Using the two models they developed, along with publicly available data on the number and type of beds available in each hospital, Hassan and Mahmoud calculated the extent of disease transmission under various scenarios in every county in the U.S.
They then determined the risk of easing restrictions and the resulting shortage of beds by type – inpatient vs. intensive care, for example. Last, they identified the counties where patient demand could exceed health system capacity and presented mitigation strategies that could reduce the number of cases requiring medical services.
Their analysis, published in PLOS One, predicts how additional waves of COVID-19 might unfold.
The study shows that stricter COVID-19 preventive measures – including mask mandates, social distancing, and shutting down schools, workplaces and indoor activities – could reduce the number of hospitalized cases by as much as 12.8%. On the other hand, lifting restrictions could cause a spike in hospitalizations 13.7 times higher than the second wave's peak – pushing hospitals in many counties beyond their capacity.
Hassan and Mahmoud hope planners, policymakers and state officials can use their research to make decisions about additional resources and when to ease restrictions.

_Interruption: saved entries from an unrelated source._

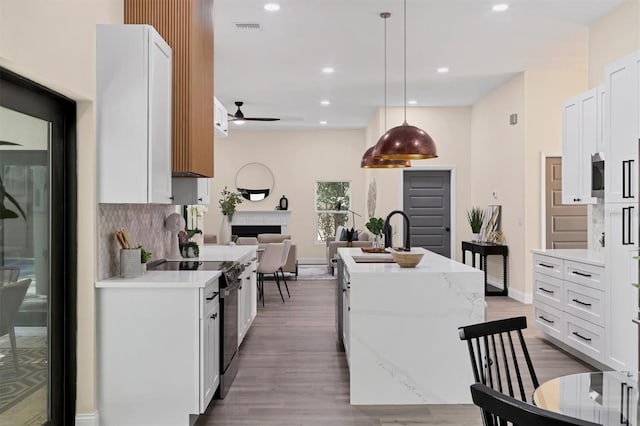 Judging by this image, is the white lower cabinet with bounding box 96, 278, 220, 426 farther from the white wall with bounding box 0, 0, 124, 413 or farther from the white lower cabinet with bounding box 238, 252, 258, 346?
the white lower cabinet with bounding box 238, 252, 258, 346

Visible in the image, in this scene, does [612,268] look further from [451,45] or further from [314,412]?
[451,45]

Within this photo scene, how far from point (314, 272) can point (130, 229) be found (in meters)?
7.36

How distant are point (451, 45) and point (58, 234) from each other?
187 inches

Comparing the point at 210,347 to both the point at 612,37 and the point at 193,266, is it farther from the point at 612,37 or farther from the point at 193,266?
the point at 612,37

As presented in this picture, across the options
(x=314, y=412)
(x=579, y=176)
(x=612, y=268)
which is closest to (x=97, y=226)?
(x=314, y=412)

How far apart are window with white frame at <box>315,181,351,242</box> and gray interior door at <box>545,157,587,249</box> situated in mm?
5933

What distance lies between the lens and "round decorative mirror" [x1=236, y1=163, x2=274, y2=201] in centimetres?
1259

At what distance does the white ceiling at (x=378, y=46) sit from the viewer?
16.5 ft

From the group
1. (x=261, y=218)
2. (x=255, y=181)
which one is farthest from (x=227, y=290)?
(x=255, y=181)

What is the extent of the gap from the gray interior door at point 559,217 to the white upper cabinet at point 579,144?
81.4 inches

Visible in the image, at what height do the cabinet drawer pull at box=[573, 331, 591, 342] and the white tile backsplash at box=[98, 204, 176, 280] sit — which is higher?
the white tile backsplash at box=[98, 204, 176, 280]

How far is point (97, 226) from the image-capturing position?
10.2 ft

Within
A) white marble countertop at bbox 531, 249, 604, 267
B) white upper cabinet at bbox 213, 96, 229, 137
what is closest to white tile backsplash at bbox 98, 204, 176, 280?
white upper cabinet at bbox 213, 96, 229, 137

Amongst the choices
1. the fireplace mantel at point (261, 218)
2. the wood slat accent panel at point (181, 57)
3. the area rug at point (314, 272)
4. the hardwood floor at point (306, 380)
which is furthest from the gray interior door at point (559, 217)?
the fireplace mantel at point (261, 218) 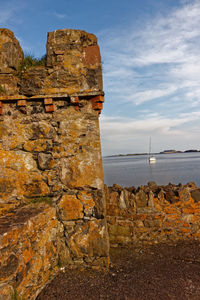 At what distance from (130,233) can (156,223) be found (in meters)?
0.56

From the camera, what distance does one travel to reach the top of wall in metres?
3.41

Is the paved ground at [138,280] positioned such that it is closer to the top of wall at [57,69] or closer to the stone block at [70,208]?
the stone block at [70,208]

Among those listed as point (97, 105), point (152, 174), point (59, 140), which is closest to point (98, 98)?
point (97, 105)

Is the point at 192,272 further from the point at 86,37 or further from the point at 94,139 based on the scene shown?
the point at 86,37

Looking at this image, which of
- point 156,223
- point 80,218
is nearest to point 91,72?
point 80,218

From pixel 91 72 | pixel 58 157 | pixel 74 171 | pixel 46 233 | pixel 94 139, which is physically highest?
pixel 91 72

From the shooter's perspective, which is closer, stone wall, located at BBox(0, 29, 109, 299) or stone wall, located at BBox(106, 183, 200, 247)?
stone wall, located at BBox(0, 29, 109, 299)

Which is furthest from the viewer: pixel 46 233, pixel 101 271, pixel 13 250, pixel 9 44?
pixel 9 44

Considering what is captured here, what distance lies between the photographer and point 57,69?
137 inches

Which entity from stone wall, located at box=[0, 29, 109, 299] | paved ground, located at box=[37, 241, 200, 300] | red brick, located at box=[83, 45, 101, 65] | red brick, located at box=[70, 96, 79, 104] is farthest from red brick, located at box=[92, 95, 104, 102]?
paved ground, located at box=[37, 241, 200, 300]

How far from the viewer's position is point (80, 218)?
336 cm

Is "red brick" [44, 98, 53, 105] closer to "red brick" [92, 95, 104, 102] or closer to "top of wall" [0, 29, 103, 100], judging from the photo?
"top of wall" [0, 29, 103, 100]

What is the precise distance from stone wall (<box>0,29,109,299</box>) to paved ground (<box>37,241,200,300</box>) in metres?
0.31

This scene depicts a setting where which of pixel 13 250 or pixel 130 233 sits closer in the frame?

Their disease-transmission model, which predicts how many patients will be in each stage of the disease, could help hospitals allocate resources accordingly.
THE LARGER TREND
In February, epidemiologists found that a combination of robust vaccination programs and strict physical distancing rules could avoid recurring peaks of COVID-19 without the need to rely on stay-at-home restrictions.
The impact of social distancing in containing future resurgences of COVID-19 depends greatly on the intensity of measures, the population density and the availability of vaccines across geographical areas and time.